November 9th, 2018 Leave a comment Go to comments

10. Man in the Honda commercial, screen 4. God, look at that haircut! I bet he never merges without looking twice! And the way he’s able to operate the car while still looking at the camera instead of the road? Incredible.

9. Overweight assistant football coach yelling at a line judge, screen 9. Boy, is he mad! I can actually see the spittle flying from his mouth, and that TV isn’t even a high def one.
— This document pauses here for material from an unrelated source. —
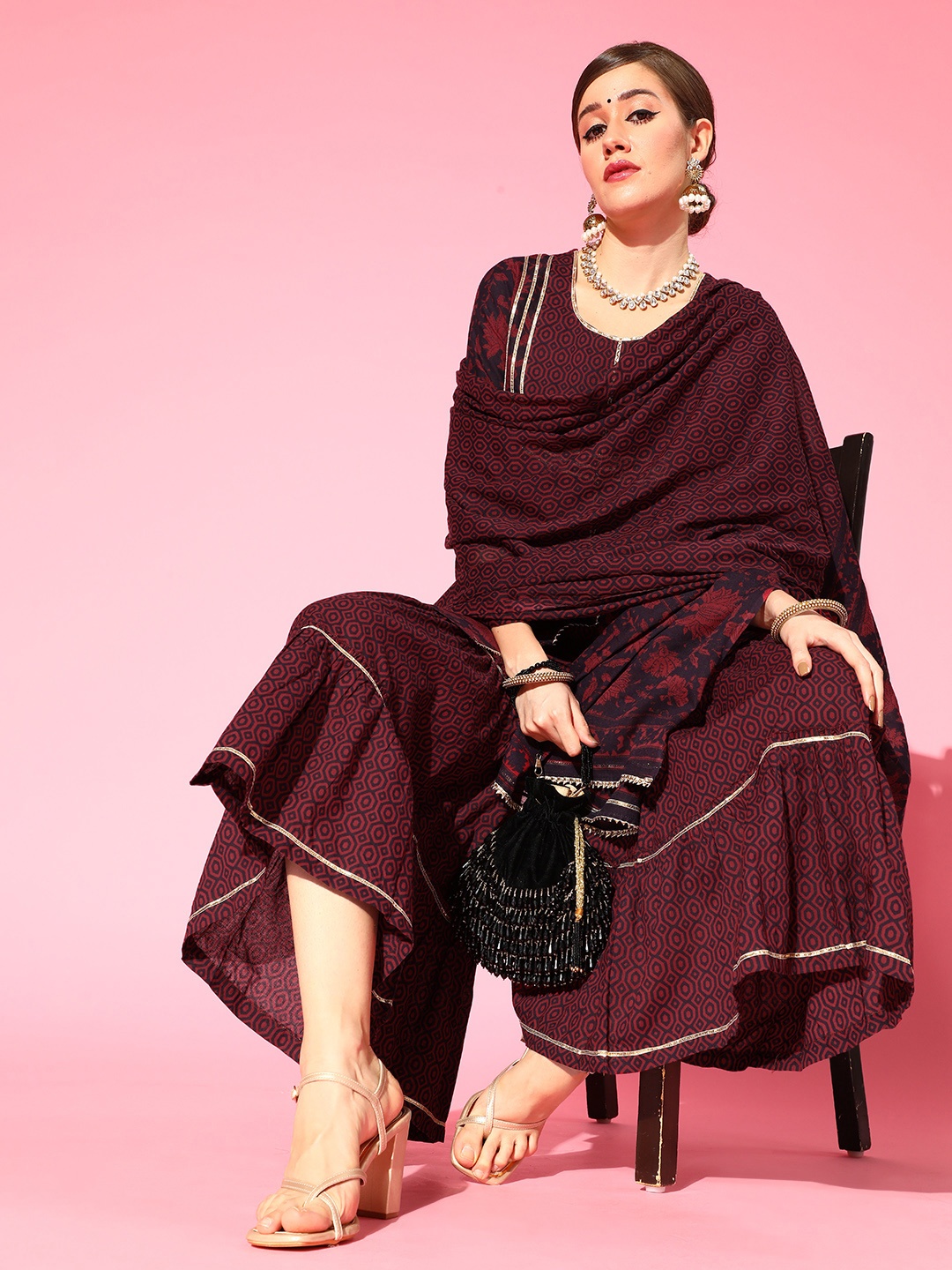mokshi Women Maroon Ethnic Motifs Printed Gotta Patti Cotton Kurti with Sharara & Dupatta
mokshi Women Maroon Ethnic Motifs Printed Gotta Patti Cotton Kurti with Sharara & Dupatta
8. Right offensive guard for the Cincinnati Bengals, screen 2. Just wait for the ball to be snapped and you’ll see what I mean. Here it comes, and…bam! Did you see that? The way he shakes he ass up and down as he’s setting his feet? The guy’s twerking out there! Riveting stuff.

7. Sideline reporter, screen 5. I’ve never seen someone use their free hand so much when speaking. She’s gesticulating to a degree that I have to wonder if there’s a symphony behind the camera that she’s directing. That’s a hell of a tempo she’s setting if so!

6. Old man pitching reverse mortgages, screen 14. This dude looks like a walrus even more than Andy Reid! Might be Wilford Brimley, actually. Is he still alive? Whoever it is looks to be having trouble breathing while just sitting there speaking at the camera. Decent chance he’s dead before this spot ends.

5. Talking head commentator on Fox News program, screen 11. Why’s the news even on? Everyone in this place is here precisely to avoid the news, and there she is yammering on about toothpaste only being for amnesty-loving losers if I’m catching the closed captioning right. It makes no sense, so she’s interesting by default.

4. Reflection of the man at the end of the bar, screen 10. I guess that one’s not working today since it’s blank, but there’s still a lot to study in the reflection’s face. Is that a look of loneliness? A profound gaze of a philosopher contemplating the nature of fate? The blank stare of a drunk who can no longer stand up? The possibilities are endless.

3. Power forward for the Charlotte Hornets, screen 7. It’s the only b-ball game on, for one, and secondly, look at that dude’s moves! To argue he has no flow is to refute the smoothness of silk. He just did that dribble-between-your-own-legs thing that I’ve tried 500 times in my driveway, only to end up chasing the ball down the street, so I’m definitely impressed.

2. The frowning pundit on the CBS halftime show, screen 1. That frown line is deep, man. Like Mariana Trench level. I think his forehead could cleave into two at any second! Are they shooting his dog off camera or something? Chicago’s defense can’t be so bad that this guy has to turn his face into an ass, can it?

1. Nathan Peterman, screen 6. Holy shit, does this guy suck! I can’t look away!